> Data provided:
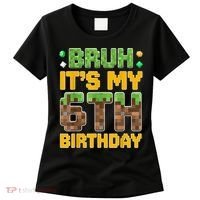 Birthday Boy It'S My 6th Birthday Video Game Pixel Women's T-Shirt thumb 0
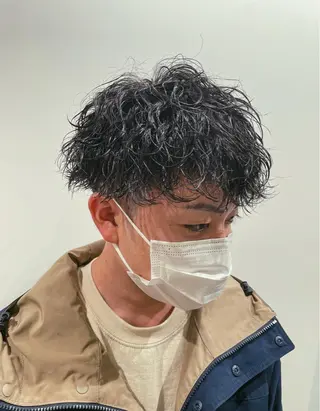パーマ メンズ 【メンズ特化】 池田大成✂︎のヘアスタイル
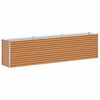 vidaXL Vrtna visoka greda 290 x 50 x 68 cm Cinkana jeklena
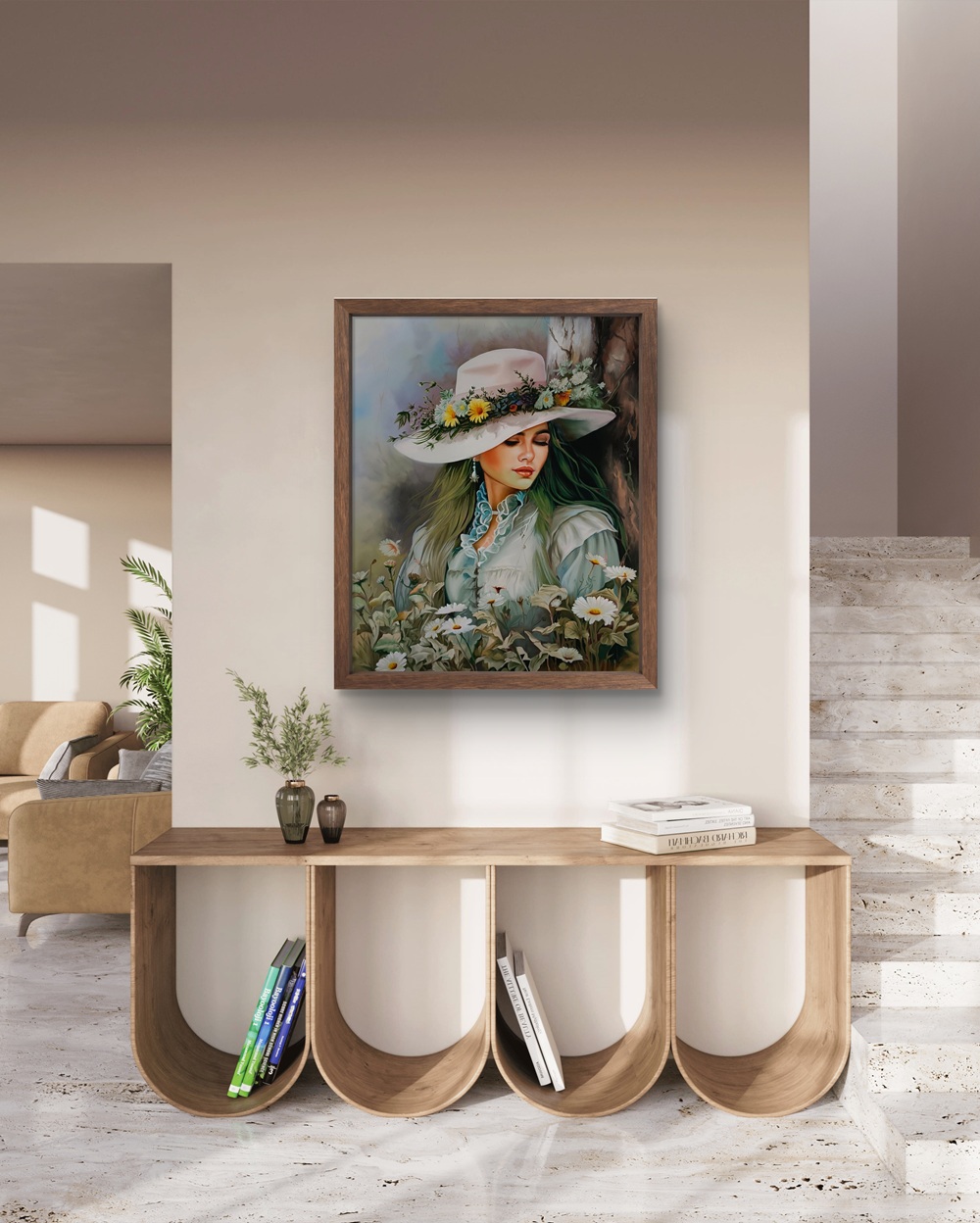 Blooming Elegance Oil Painting Blooming Elegance Oil Painting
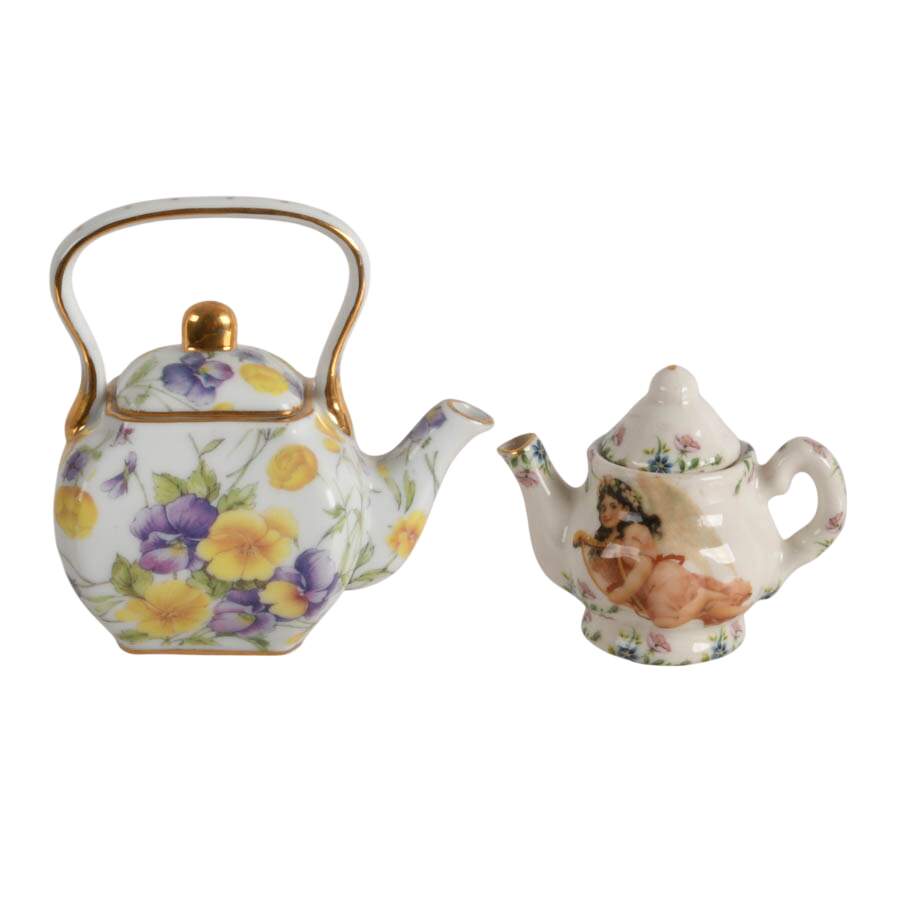 Collection of Six China and Porcelain Tea Pots-9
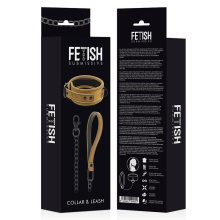 FETISH SUBMISSIVE ORIGEN - COLLIER DOUBLÉ EN NÉOPRÈNE AVEC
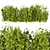 Leafy Collection: Volume 309 Bush 3D model small image 2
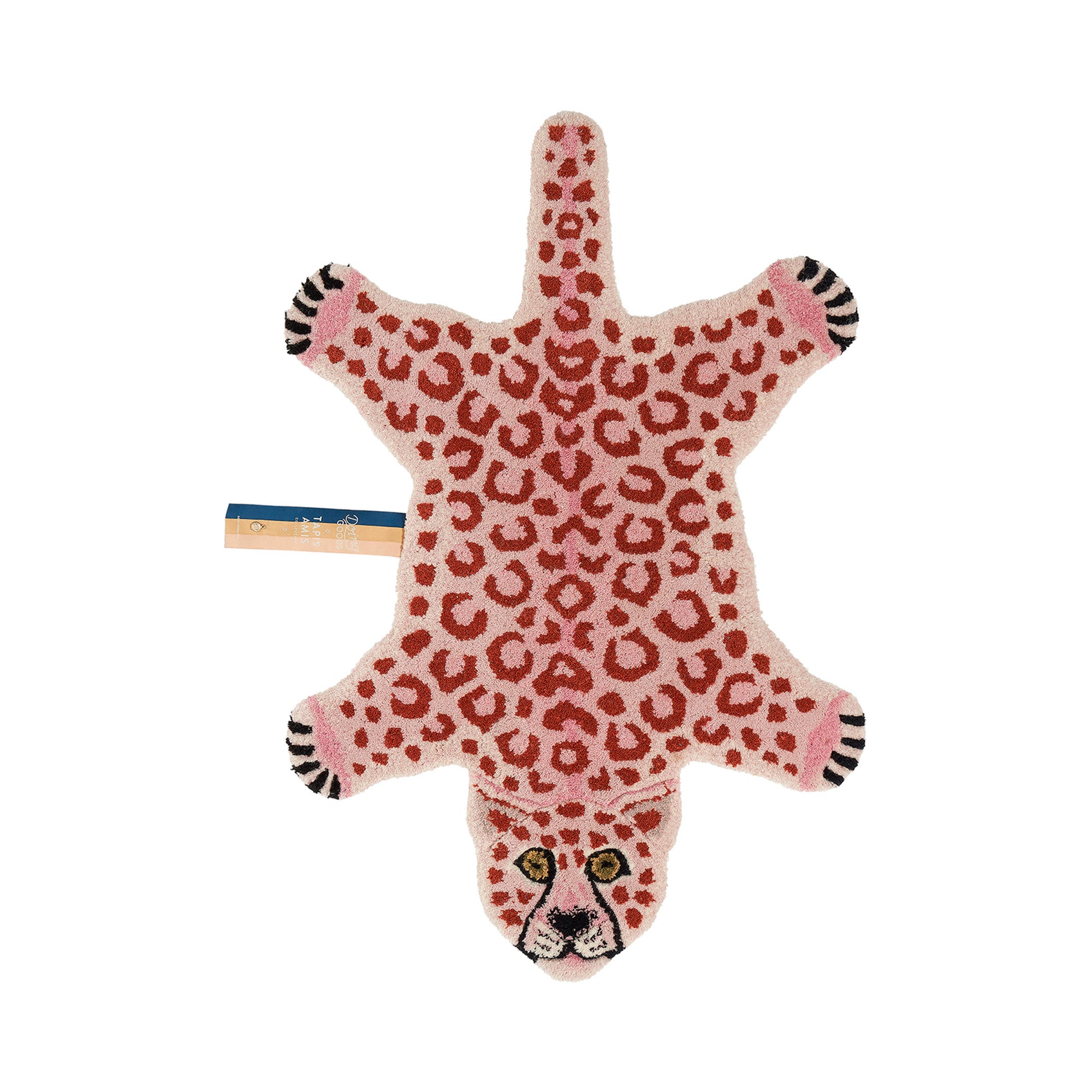 Pinky Leopard tæppe, Doing Goods -  94x61 cm - Møbelkompagniet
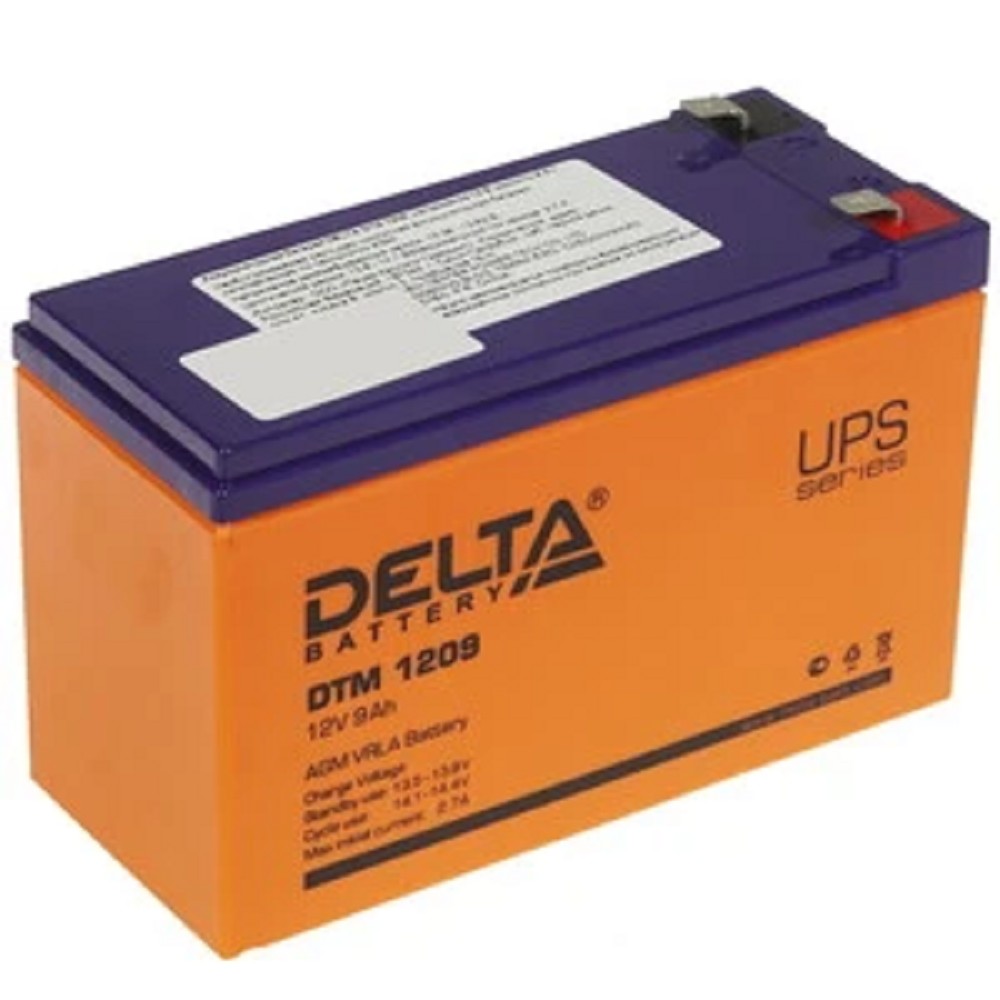 Delta DTM 1209  (9 А\ч, 12В) свинцово- кислотный аккумулятор  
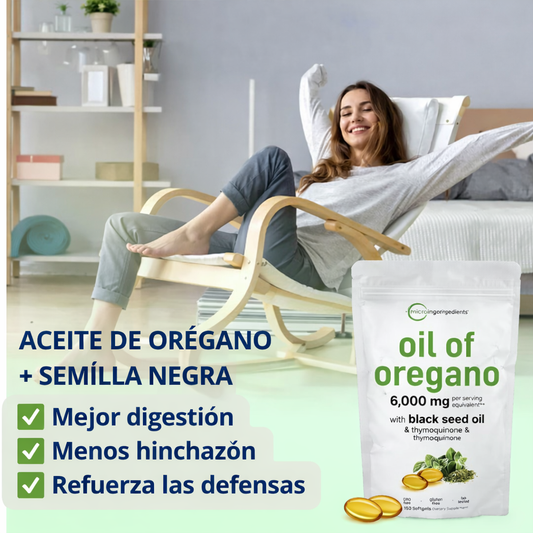 Aceite de Orégano Microingredients® - Si te enfermas seguido o vives con hinchazón constante, puede que nunca hayas atacado la causa real.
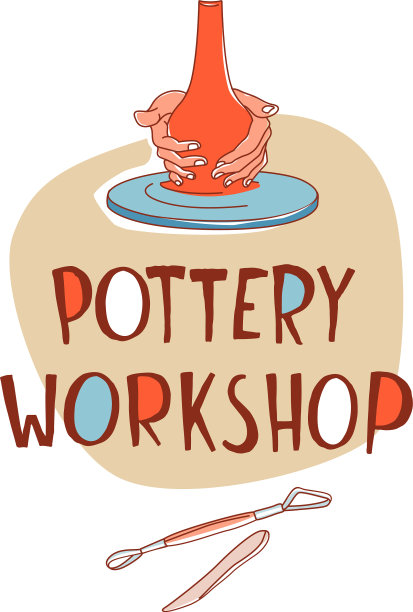 陶艺坊传统的制陶手图片下载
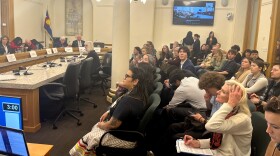 Students, parents, educators, and administrators fill the Education Committee hearing on February 8, 2024.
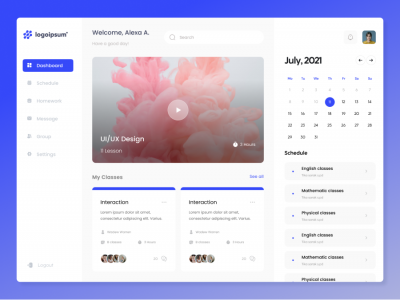 在线教育后台dashboard .fig素材下载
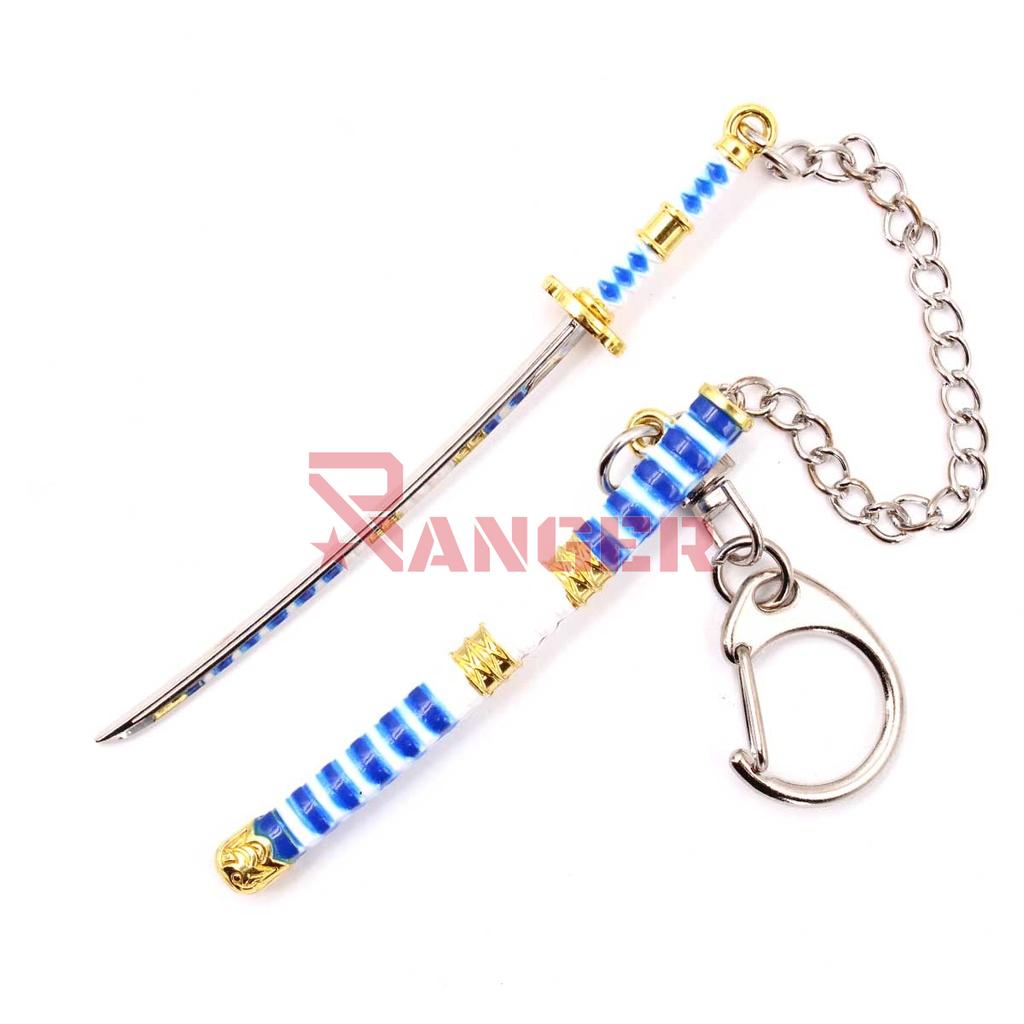 LLAVERO BH KATANA 1192 OPC 9CM BLANCO-AZUL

> Task instructions:
The required output consists only of the lines from the one containing "在线教育后台dashboard .fig素材下载" to the last line of the material, reproduced exactly, pictures excluded.

> Your response:
 在线教育后台dashboard .fig素材下载
 LLAVERO BH KATANA 1192 OPC 9CM BLANCO-AZUL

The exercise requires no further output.